Il est important de noter que ces tendances ne sont pas des certitudes et que d'autres facteurs climatiques peuvent moduler ces effets.
Vers de nouveaux records de température mondiale ?
El Niño a une influence directe sur la température moyenne de la planète. L'année 2024, qui a suivi le puissant El Niño de 2023-2024, a été classée comme l'année la plus chaude jamais enregistrée. Le phénomène libère une grande quantité de chaleur de l'océan vers l'atmosphère, ce qui s'ajoute à la tendance de fond du réchauffement climatique d'origine humaine.

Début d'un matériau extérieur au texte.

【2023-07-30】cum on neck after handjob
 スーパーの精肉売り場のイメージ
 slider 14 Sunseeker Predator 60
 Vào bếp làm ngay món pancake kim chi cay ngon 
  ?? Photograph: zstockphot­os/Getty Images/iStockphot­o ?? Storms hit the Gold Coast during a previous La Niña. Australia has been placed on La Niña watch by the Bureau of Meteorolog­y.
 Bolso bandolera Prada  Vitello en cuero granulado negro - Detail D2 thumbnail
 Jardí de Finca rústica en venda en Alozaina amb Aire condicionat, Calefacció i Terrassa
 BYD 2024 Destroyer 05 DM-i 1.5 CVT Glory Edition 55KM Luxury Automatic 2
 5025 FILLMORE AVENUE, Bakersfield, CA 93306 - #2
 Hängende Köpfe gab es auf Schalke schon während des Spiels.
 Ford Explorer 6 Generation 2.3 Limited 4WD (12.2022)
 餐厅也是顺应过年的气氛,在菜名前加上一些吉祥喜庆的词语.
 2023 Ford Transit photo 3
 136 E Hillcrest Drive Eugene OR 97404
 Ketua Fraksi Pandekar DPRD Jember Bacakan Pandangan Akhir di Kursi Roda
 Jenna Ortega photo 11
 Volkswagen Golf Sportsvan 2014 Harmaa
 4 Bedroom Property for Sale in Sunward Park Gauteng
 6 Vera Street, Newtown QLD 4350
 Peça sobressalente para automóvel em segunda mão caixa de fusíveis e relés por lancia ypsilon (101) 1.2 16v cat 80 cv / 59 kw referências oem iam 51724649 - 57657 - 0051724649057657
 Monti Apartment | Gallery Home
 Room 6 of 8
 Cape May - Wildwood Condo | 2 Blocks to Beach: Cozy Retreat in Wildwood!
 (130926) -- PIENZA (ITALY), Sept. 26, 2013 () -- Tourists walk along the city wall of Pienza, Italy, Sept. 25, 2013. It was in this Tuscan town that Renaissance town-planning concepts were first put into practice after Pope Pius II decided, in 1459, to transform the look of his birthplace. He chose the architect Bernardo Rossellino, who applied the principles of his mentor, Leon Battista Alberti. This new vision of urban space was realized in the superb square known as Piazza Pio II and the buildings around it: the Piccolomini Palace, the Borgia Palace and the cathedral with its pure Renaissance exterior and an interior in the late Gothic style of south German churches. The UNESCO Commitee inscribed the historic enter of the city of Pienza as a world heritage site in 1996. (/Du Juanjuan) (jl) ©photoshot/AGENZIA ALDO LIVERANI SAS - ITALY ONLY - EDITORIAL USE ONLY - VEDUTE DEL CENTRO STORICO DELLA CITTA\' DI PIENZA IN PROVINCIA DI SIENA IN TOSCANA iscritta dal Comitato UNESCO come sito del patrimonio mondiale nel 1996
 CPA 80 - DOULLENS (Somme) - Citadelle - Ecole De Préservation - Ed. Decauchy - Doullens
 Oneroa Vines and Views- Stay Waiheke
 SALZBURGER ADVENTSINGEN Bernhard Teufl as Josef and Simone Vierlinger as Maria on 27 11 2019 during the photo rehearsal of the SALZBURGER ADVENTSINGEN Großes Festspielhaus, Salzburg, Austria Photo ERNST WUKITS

L'Organisation Météorologique Mondiale (OMM) surveille de près la situation. "Le récent El Niño de 2023-2024 était l'un des cinq plus forts jamais enregistrés et a joué un rôle dans les températures mondiales record que nous avons vues en 2024", a déclaré Celeste Saulo, secrétaire générale de l'OMM.
Les experts estiment que l'impact le plus important d'El Niño sur les températures mondiales se produit souvent après son pic d'intensité. Cela signifie que les records de chaleur pourraient être battus non pas cette année, mais l'année suivante.
Probabilités pour les années à venir
Selon la NOAA, il y a plus de 90 % de chances que 2026 se classe parmi les cinq années les plus chaudes. Cependant, la probabilité qu'elle devienne l'année la plus chaude est actuellement faible, environ 1 %. Ces chances pourraient augmenter de manière significative pour 2027, en fonction de l'intensité du prochain El Niño.
La communauté scientifique reste mobilisée pour affiner les prévisions dans les mois à venir. La confirmation et l'intensité de ce nouvel El Niño seront des facteurs déterminants pour le climat mondial des deux prochaines années, influençant tout, de l'agriculture à la gestion des catastrophes naturelles.